> SUPPLIED MATERIAL

↓

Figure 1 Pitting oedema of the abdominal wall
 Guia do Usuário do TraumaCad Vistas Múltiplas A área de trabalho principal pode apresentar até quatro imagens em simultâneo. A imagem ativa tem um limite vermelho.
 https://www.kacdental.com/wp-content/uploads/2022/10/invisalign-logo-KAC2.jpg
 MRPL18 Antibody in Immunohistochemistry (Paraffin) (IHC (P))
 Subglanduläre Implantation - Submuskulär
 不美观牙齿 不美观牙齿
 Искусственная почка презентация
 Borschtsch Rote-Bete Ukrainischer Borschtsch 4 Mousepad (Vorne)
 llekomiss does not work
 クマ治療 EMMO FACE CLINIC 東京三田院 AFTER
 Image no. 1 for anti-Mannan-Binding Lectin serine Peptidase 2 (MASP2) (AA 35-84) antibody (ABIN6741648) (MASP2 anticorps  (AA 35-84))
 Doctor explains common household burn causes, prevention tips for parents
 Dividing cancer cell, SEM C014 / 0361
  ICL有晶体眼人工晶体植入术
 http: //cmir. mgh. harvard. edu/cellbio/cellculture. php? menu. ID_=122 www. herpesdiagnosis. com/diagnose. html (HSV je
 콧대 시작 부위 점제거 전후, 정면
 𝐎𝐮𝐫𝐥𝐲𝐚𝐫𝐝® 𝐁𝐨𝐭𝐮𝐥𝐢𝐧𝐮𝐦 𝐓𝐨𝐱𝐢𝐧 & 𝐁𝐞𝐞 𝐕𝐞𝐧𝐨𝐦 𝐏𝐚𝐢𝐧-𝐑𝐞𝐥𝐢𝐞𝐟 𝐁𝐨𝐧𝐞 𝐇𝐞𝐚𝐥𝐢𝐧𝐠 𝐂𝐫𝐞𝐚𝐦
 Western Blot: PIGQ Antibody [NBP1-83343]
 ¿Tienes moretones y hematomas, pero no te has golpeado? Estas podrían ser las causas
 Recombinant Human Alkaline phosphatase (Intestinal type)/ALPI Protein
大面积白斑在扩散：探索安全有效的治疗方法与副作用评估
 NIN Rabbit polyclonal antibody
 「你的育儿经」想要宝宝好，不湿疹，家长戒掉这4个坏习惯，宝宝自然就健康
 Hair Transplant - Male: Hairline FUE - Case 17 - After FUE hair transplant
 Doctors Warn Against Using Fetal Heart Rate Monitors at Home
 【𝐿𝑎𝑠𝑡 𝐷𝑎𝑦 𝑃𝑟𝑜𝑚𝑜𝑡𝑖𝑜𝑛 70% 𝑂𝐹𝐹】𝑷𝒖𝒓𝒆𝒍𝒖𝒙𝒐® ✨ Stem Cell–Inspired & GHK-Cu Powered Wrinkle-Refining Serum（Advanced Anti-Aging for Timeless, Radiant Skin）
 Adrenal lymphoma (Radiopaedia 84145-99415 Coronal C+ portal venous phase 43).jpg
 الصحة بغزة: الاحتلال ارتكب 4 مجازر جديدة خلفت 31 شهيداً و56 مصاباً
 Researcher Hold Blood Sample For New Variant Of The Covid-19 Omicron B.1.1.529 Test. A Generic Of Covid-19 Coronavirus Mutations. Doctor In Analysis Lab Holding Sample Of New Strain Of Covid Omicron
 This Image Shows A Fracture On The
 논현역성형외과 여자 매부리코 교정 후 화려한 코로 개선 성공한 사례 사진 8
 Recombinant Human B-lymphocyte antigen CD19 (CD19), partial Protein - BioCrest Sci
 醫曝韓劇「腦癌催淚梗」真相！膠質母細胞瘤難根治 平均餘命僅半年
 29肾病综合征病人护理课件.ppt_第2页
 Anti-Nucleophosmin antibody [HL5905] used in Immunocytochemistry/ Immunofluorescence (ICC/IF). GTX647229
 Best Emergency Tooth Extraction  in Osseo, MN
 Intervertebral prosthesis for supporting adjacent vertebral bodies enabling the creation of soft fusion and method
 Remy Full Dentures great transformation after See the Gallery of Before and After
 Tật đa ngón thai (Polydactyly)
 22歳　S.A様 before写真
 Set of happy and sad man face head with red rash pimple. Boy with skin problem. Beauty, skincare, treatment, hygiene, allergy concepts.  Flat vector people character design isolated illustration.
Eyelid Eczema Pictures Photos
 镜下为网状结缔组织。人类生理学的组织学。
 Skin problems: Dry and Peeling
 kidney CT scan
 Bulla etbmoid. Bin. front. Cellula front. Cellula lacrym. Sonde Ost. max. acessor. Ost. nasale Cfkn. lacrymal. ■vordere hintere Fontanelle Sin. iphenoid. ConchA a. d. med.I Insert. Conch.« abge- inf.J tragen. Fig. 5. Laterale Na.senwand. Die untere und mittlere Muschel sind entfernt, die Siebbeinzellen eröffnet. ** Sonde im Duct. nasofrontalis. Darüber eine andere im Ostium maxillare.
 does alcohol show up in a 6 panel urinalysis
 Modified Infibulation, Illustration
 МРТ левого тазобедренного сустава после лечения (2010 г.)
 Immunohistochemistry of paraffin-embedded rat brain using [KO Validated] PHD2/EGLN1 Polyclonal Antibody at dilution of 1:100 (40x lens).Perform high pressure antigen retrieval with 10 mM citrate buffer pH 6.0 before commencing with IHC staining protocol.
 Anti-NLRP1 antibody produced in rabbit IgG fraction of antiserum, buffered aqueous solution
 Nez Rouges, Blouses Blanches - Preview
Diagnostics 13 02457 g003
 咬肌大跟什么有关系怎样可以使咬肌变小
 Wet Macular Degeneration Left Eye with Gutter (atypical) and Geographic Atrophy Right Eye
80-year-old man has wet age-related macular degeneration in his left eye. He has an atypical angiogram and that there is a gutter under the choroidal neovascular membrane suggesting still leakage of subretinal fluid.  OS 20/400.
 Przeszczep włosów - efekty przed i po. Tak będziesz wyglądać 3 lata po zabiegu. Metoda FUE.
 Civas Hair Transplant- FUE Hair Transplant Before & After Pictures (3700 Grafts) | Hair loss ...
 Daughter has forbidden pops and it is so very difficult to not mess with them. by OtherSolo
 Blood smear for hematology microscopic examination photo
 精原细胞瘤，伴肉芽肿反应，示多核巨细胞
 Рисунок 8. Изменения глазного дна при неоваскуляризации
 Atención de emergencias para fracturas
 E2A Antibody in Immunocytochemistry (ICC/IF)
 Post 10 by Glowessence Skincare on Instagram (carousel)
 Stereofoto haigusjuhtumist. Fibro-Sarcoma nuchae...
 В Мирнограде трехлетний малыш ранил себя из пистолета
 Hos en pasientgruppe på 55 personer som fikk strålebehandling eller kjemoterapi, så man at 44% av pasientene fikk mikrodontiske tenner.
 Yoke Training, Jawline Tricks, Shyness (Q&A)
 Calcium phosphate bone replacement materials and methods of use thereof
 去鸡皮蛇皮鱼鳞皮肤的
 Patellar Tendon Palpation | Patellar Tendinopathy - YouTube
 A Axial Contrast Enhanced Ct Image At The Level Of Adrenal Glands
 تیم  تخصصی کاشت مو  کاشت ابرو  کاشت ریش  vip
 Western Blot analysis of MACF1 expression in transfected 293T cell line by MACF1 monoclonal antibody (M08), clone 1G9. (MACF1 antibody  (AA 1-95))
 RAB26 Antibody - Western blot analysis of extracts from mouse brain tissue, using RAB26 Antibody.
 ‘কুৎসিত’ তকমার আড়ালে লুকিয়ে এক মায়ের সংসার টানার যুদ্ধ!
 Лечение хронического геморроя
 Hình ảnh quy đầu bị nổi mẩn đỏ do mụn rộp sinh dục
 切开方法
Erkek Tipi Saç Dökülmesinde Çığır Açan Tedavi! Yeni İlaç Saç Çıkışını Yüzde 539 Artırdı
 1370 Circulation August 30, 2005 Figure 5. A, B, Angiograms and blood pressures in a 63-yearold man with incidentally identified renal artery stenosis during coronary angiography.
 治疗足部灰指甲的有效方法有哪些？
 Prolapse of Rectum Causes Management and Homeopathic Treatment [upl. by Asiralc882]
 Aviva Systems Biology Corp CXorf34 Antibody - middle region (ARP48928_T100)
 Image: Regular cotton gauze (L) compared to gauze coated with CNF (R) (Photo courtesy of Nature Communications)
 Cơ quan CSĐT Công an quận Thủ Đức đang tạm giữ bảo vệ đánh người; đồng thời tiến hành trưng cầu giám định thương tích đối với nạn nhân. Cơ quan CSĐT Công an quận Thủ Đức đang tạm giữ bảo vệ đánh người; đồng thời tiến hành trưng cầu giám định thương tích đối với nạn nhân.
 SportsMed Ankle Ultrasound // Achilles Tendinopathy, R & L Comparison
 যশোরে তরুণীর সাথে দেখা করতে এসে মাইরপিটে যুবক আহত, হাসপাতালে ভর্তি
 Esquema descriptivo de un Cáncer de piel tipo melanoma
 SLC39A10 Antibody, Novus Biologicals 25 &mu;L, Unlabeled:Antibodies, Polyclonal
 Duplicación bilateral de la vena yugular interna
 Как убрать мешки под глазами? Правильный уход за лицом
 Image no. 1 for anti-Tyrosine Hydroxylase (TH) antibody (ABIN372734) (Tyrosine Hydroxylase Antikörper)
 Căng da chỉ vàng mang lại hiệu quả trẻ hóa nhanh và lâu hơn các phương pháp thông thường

↑

> WHAT IS REQUIRED
Taking the material above, count every line in which the word "Immunohistochemistry" appears; answer with the number alone.

> YOUR RESPONSE
2